After HTG has chosen the testing field for each IVD test kit, it will negotiate a development plan and regulatory approval strategy with Illumina for each test kit. Upon mutual agreement of the first development plan, HTG will pay Illumina a fixed fee in the six-figure dollar range, it said. HTG would also pay Illumina up to $1 million in the aggregate if it fulfills certain milestones related to the IVD test kits, and a single-digit percentage royalty on net sales of any IVD test kit resulting from the agreement.
Also, in April, HTG and OvaGene Oncology forged a manufacturing supply agreement for the design and development of gene expression assays for gynecologic cancers on the HTG Edge.

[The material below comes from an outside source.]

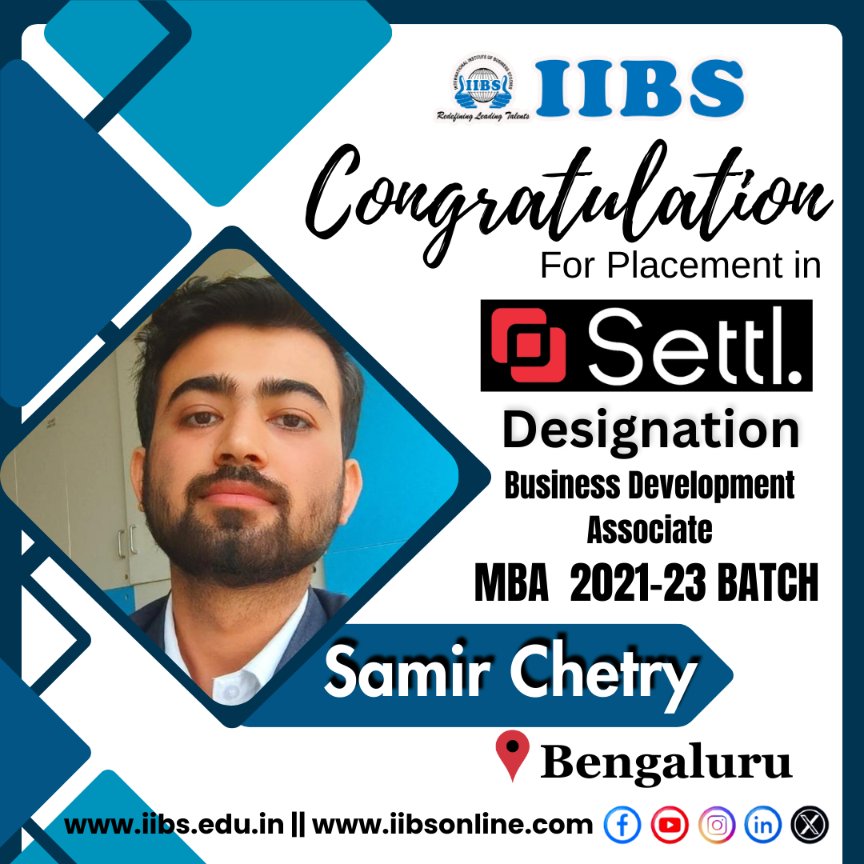 iibsonline's tweet photo. #Congratulations Samir Chetry, on your #placement as a #Business #Development #Associate at #Settl. from the #IIBS #MBA Batch of 2021-2023! Good luck with new #challenges, and continuous #growth.
#SuccessStory #NewBeginnings #IIBSMBA #businessdevelopment #placed #corporate https://t.co/2nOl7bzX6o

The same month, the company entered a research deal with the University of Texas, MD Anderson Cancer Center for the validation of HTG's diffuse large B-cell lymphoma cell of origin classifier and for miRNA discovery studies in DLBCL samples.
During the first nine months of 2014, HTG posted $2 million in revenues and a net loss of $9.8 million. In full-year 2013, it recorded $2.2 million in revenues and a net loss of $11.8 million.
As of Sept. 30, the firm had $7.7 million in cash and cash equivalents and $7.8 million in working capital.
In September, HTG said in an SEC document that it planned to raise $800,000 in a private offering of stock. A month earlier, it closed on a growth capital term loan facility for up to $16 million with Silicon Valley Bank and Oxford Finance and drew $11 million of the funding at the initial closing.
HTG's management team includes President and CEO Timothy Johnson; Chief Business Officer John Lubniewski; Senior VP for R&D Patrick Roche; VP of Finance & Administration and CFO Shaun McMeans; and VP and Chief Legal Counsel Debra Gordon.
HTG is the 11th company this year in the MDx/omics tools space to either go public or file for an IPO.